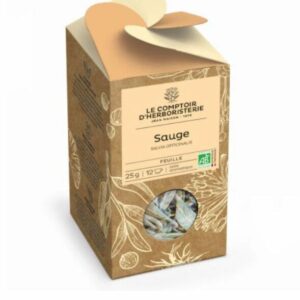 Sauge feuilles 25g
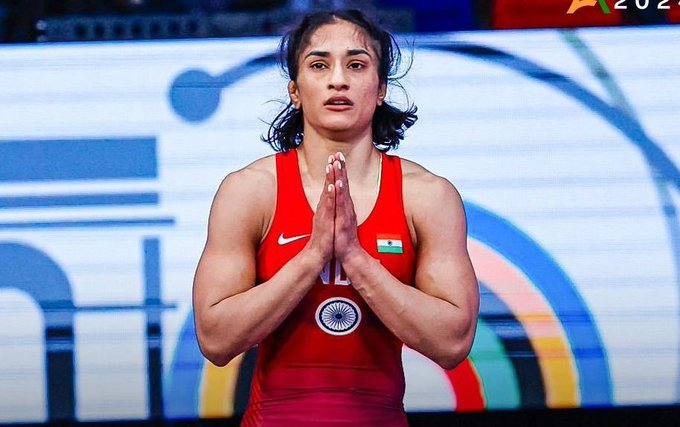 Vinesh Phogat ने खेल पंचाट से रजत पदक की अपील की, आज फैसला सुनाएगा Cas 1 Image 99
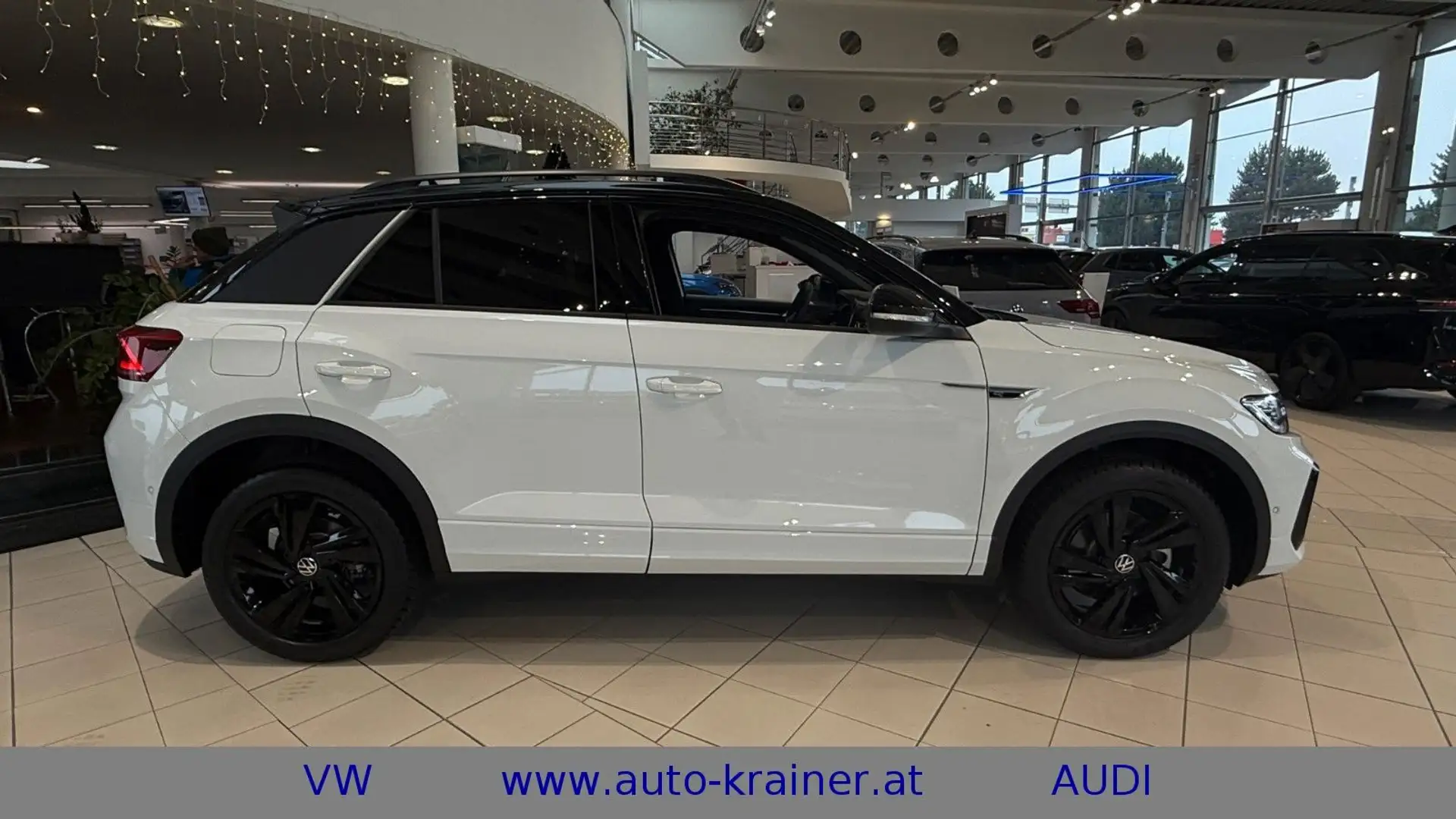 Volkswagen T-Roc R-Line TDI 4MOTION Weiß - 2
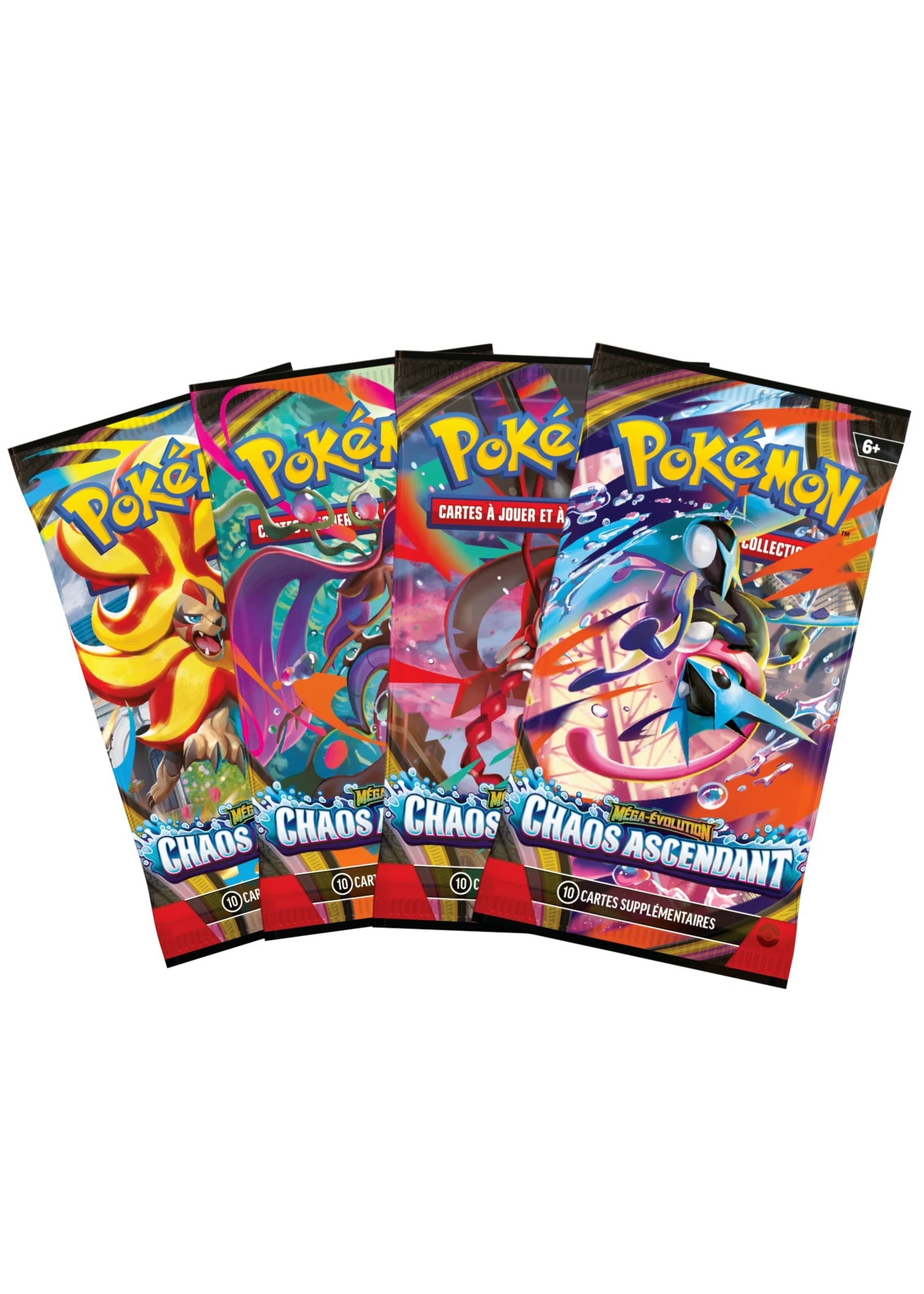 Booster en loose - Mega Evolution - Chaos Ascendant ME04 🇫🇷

--*--

→ **WHAT IS BEING ASKED**
For every line above, produce an exact transcription that omits the images.

→ **RESULT FOR THIS EXERCISE**
 Sauge feuilles 25g
 Vinesh Phogat ने खेल पंचाट से रजत पदक की अपील की, आज फैसला सुनाएगा Cas 1 Image 99
 Volkswagen T-Roc R-Line TDI 4MOTION Weiß - 2
 Booster en loose - Mega Evolution - Chaos Ascendant ME04 🇫🇷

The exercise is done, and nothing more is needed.